Produite
par la BBC à l’occasion du 125ème anniversaire de la naissance d’Agatha
Christie, tout comme Partners in Crime
l’été dernier, And Then There Were None
est l’adaptation du roman le plus célèbre, le plus transcendant et probablement
le plus brutal de la célèbre auteure britannique : Dix Petits Nègres, huis clos insulaire où dix inconnus se
retrouvent à faire face aux jeux de leur mystérieux hôte. Pilier du polar à l’influence
difficilement mesurable, c’était un défi aussi passionnant que courageux – à cette
occasion, les moyens ont d’ailleurs été mis en place : au scénario, Sarah
Phelps, l’une des scénaristes phares des récentes fictions de la BBC (The Casual Vacancy, Great Expectations ou encore Sirens) ;
au casting, rien de moins que Charles Dance, Sam Neill, Burn Gorman ou encore
Toby Stephens.
Dès
l’introduction du pilote, le ton de cette adaptation est donné. On pense dès le
départ à Shutter Island, avec ces
orchestrations sombres et vibrantes, ces longs plans d’ensemble et ces couleurs
marécageuses ; et c’est bien cette direction que la mini-série choisit pour
les deux épisodes suivants. Une ambiance très modernisée dans son style, dans
sa noirceur psychologique, dans son écriture. Dans une certaine mesure, l'atmosphère est fidèle au roman de Christie : elle y est juste plus prononcée. Les
lecteurs du livre ne seront pas perdus, car si on retrouve des changements dans
la construction (notamment dans la dernière partie), dans les dialogues et même
dans l’évolution des personnages, le matériel d’origine est respecté.
Une
forme oppressante, claustrophobe et décadente qui peut parfois être étouffante.
On sent les effets forcés, tandis que d’autres (notamment les flashbacks)
laissent perplexes. Ils servent la narration mais freinent l’immersion.
Immersion qui, dans Dix Petits Nègres,
atteignait son paroxysme dans la conclusion profondément choquante et mystique,
qui perd ici de sa force dans l’interprétation intelligente mais moins
mémorable de la célèbre scène finale. Un changement malin mais qui remet en
question la vision très linéaire du récit choisie par Sarah Phelps. Finalement,
l’adaptation est solide mais sans personnalité, et c’est là sa plus grande
limite.
Le
casting est pourtant absolument impeccable. Aucune fausse note dans ce défilé
des plus brillants acteurs du petit écran d’outre-manche. Si l’une des failles
du roman était la relative simplicité des protagonistes ; ils sont ici
parfaitement interprétés, donnant à ces figures connues une profondeur
supplémentaire, une voix et un relief. Au théâtre, cela serait suffisant, mais
la télévision mérite un investissement en plus.
Dix Petits Nègres bouleversait des codes
de la plus brillante des manières, révolutionnant en silence les traits reconnaissables
du roman christien.

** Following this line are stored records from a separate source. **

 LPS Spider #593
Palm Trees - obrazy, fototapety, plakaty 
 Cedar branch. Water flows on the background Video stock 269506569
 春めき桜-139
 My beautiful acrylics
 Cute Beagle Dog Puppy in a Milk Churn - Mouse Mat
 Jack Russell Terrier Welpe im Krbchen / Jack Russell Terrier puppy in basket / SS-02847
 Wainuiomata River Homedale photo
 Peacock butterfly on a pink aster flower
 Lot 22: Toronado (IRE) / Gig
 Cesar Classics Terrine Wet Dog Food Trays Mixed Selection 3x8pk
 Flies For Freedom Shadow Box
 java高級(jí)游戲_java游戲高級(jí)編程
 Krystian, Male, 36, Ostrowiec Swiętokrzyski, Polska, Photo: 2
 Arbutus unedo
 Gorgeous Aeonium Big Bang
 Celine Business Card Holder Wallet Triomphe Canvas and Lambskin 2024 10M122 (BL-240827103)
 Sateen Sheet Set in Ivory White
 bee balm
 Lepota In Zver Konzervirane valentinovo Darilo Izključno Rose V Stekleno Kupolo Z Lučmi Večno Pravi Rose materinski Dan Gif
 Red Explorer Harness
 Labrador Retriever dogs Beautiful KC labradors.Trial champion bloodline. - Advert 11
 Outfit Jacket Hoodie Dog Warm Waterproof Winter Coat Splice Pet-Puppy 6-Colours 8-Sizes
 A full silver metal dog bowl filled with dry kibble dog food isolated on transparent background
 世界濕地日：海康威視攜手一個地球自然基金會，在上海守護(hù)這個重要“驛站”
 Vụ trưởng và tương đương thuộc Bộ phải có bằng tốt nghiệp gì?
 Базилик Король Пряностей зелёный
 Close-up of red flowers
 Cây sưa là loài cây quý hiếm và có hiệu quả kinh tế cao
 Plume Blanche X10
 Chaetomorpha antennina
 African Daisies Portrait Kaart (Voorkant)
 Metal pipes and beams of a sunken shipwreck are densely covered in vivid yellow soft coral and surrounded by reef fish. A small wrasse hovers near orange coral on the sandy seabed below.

L’erreur de And Then
There Were None c’est d’y appliquer une forme ni originale, ni
incroyablement maîtrisée, illustrant d’une manière bien timide cette leçon d’écriture
et de construction romanesque. On la recommandera pour les amateurs du bouquin
et les spectateurs en recherche d’un polar divertissant – mais on attend
toujours une relecture digne du livre original.
C'est exactement ce que j'ai ressenti quand j'ai regardé les 3 épisodes de cette série, même si c'est mieux écrit dans cet article.
RépondreSupprimerQuand je me suis mis devant cette série, j’espérais retrouver la noirceur des 10 petits nègres avec une lente décente aux enfers et dans la paranoia, et j'ai été surpris de cette ambiance qui a en fait le même degré de noirceur du début à la fin. C'est dommage, parce qu'il y a de bonnes idées, mais comme la réalisation reste toujours la même, les moments les plus forts n'ont pas plus d'intensité.
Certaines scènes du roman sont inadaptables, comme ce passage ou la narration passe dans la tête des différents personnages, dont celle de l'Assassin, sans qu'on sache qui il est. Mais la série passe à coté du génial potentiel cinématographique de certains passages du livre (comme par exemple le moment où les personnages se rendent comptent qu'il ne peut pas y avoir de 11e personne sur l'île, la noirceur de la comptine, la paranoia sourde, ou le face à face des "deux petits nègres"). Pire, la série permet même de deviner assez facilement qui est le coupable avant la révélation finale (je n'en dis pas plus pour ceux qui n'ont pas lu ou vu).
Cela dit, j'ai passé un bon moment devant cette série avec le casting au poil (surtout l'actrice jouant Vera qui est une bonne surprise), et surtout pour les nouvelles idées qui fonctionnent bien à l'écran. Mais comme tu dis, il faudra attendre pour une relecture à la hauteur du style d'écriture. C'est dommage car on n'est pas passé loin.